When I think of the recent Supreme Court decision, and the threat it represents to a woman’s right to access safe abortion services I feel a fierce anger. I see myself at fourteen, pregnant and scared. I see the anxiety in my parents’ faces as they struggled to do the right thing for me. I think of my possible future, as a fourteen-year-old mother, my child a product of rape. What kind of parent would I have been? When I think of the Supreme Court decision, and what it bodes for women’s rights, I count my accomplishments since my fourteenth year: high school graduation, my first full-time job, working to put myself through community college, gaining an AA degree, going on to obtain my BA, my current internship at NWHN, and my plans for graduate school. I think of all the hours of activism and advocacy work I have donated to my community. I think of my first interactions within the feminist movement during my early twenties. I consider the products of all of my artistic labors. I think of the maturity I have gained over the years, not in a sudden crash of labor and parenthood, but slowly, at my own pace.

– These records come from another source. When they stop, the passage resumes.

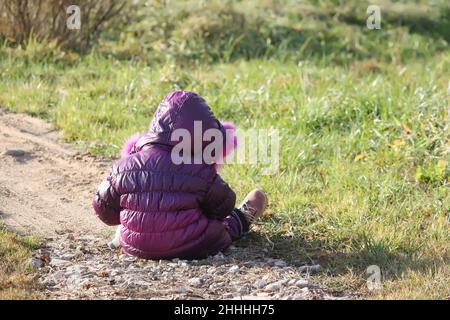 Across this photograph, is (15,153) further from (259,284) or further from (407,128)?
(407,128)

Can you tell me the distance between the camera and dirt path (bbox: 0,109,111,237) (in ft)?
20.0

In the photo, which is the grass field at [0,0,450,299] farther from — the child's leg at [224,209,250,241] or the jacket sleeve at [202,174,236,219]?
the jacket sleeve at [202,174,236,219]

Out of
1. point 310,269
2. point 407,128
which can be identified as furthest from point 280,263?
point 407,128

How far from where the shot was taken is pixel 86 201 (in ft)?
21.4

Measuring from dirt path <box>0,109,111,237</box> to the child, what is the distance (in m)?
0.69

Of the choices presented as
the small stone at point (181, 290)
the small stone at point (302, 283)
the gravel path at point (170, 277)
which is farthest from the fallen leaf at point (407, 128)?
the small stone at point (181, 290)

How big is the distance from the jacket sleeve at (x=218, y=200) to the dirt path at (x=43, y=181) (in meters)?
0.91

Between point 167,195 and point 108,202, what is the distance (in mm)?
381

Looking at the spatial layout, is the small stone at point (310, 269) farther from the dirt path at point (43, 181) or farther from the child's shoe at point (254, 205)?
the dirt path at point (43, 181)

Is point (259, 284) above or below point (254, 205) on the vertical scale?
below

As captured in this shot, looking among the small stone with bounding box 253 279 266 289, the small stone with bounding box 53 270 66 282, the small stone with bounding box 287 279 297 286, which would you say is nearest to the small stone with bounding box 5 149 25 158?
the small stone with bounding box 53 270 66 282

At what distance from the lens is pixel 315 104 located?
Result: 805cm

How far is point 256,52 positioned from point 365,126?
2970 mm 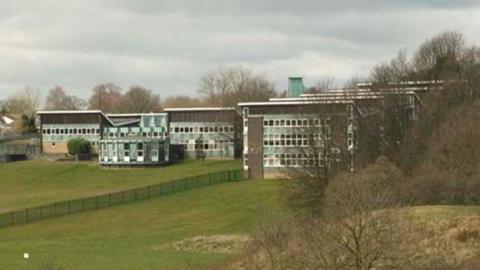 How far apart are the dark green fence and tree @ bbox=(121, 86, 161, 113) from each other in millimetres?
77854

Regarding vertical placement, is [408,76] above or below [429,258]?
above

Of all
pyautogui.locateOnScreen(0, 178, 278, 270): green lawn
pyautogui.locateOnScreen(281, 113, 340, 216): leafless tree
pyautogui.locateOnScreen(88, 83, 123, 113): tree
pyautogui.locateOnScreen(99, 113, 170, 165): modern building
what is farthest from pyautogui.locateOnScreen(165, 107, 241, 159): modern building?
pyautogui.locateOnScreen(88, 83, 123, 113): tree

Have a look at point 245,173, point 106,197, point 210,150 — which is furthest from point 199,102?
point 106,197

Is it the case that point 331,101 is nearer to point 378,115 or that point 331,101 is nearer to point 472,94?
point 378,115

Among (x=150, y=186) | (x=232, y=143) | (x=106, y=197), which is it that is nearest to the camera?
(x=106, y=197)

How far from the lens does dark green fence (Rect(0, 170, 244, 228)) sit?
67250mm

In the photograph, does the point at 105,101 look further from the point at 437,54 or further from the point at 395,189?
the point at 395,189

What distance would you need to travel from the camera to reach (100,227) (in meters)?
62.8

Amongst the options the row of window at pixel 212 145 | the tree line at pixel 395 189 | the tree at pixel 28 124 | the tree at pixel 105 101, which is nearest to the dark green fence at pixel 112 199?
the tree line at pixel 395 189

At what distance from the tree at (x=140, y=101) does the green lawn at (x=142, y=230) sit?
276 ft

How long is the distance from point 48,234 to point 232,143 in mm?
47861

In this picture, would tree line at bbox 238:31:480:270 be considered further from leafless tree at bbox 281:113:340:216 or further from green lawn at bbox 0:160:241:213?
green lawn at bbox 0:160:241:213

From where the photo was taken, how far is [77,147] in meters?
109

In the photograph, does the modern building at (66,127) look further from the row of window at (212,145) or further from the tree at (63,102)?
the tree at (63,102) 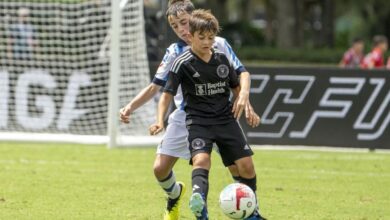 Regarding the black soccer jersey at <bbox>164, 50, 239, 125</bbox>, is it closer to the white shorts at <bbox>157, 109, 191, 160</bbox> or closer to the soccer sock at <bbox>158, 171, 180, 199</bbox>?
the white shorts at <bbox>157, 109, 191, 160</bbox>

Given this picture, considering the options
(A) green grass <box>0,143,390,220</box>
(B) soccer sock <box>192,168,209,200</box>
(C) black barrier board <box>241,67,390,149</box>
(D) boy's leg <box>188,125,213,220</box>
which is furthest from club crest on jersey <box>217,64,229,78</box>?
(C) black barrier board <box>241,67,390,149</box>

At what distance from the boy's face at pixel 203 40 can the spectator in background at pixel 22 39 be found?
942 cm

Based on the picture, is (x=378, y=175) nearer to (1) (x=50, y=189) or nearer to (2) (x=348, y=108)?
(2) (x=348, y=108)

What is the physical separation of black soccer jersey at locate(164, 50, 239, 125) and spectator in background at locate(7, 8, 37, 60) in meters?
9.24

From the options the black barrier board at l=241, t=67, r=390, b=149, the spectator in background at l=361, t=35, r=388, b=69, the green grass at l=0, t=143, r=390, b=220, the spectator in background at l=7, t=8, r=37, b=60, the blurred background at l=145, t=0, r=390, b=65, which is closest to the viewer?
the green grass at l=0, t=143, r=390, b=220

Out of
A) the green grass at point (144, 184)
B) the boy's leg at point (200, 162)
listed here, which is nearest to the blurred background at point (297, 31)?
the green grass at point (144, 184)

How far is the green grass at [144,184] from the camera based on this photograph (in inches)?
365

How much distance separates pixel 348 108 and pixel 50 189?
20.4 ft

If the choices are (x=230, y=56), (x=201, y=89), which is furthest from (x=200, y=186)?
(x=230, y=56)

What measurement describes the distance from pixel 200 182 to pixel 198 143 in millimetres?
385

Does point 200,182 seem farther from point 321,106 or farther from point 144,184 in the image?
point 321,106

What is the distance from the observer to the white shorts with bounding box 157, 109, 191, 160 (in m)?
8.49

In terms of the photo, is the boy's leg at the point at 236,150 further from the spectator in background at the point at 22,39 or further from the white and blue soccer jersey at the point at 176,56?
the spectator in background at the point at 22,39

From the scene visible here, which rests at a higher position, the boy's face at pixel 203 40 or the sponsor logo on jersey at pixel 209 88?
the boy's face at pixel 203 40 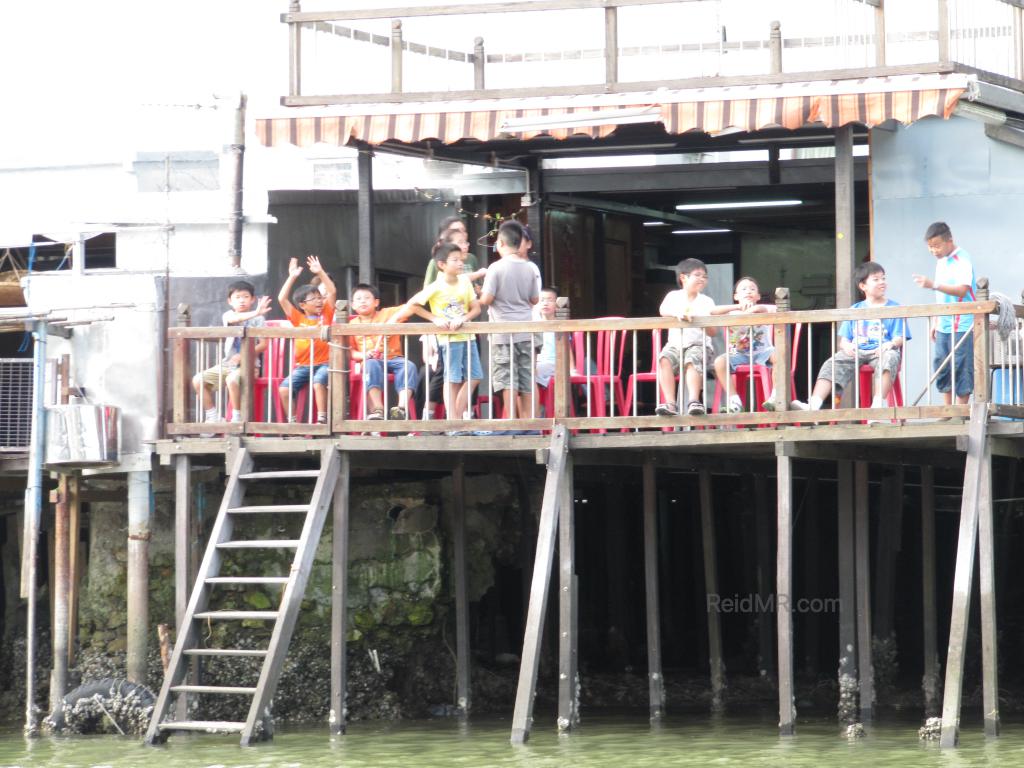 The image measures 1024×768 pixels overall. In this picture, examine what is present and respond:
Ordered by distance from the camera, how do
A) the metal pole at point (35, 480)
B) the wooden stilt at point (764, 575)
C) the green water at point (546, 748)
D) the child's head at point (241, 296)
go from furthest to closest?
the wooden stilt at point (764, 575), the metal pole at point (35, 480), the child's head at point (241, 296), the green water at point (546, 748)

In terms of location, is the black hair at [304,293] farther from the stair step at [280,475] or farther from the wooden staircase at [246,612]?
the stair step at [280,475]

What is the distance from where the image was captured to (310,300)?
52.3ft

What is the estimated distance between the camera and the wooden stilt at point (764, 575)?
1855 centimetres

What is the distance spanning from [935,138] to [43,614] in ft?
32.9

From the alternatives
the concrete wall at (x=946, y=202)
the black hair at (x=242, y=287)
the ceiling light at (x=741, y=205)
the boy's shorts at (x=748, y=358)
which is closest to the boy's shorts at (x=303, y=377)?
the black hair at (x=242, y=287)

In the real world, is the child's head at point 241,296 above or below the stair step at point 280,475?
above

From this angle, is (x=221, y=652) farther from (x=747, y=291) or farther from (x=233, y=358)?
(x=747, y=291)

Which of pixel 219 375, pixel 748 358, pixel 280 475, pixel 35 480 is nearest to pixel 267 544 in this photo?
pixel 280 475

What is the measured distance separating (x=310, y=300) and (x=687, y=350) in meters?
3.30

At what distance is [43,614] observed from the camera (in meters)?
19.8

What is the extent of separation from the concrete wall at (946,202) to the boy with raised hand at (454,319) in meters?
3.31

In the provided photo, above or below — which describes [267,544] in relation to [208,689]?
above

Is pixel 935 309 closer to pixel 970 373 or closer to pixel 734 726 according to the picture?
pixel 970 373

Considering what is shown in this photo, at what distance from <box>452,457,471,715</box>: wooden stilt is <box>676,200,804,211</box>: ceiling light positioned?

The work of earlier feminist activists made it possible for me to access safe abortion services. How grateful I am to them. But now our right to control our lives, to good health, and safe abortion services are being threatened again. Abortion rights hang in a precarious balance; anti-choice Supreme Court justices – bolstered with new conservative members -- have sent the women of the United States a message that our right to choose is not safe, that women’s health is not valued.

I want to encourage women to think of my experience, and to reconsider the stories of the past. We cannot forget stories like mine, when safe, legal access made a resoundingly positive difference in a woman’s life. And, we cannot forget the stories that came before, of women receiving abortions in apartments, motel rooms, in the back seats of cars. We cannot forget the quiet shame, confusion or fear that accompanied successful illegal abortions. And, we cannot close our eyes to the haunting image of a dead mother, sister, aunt, daughter, friend, or lover abandoned on a motel room floor. All of our stories are compelling reasons to keep abortion legal and safe. The Supreme Court has sent us a message. How will we respond?

Sarah Nelson is a graduate of the University of California, Santa Cruz where she received a BA in Politics. Sarah was an NWHN intern in the Spring of 2007. In the near future, she will be applying to graduate degree programs in public health. Sarah plans to devote her life to women’s health advocacy.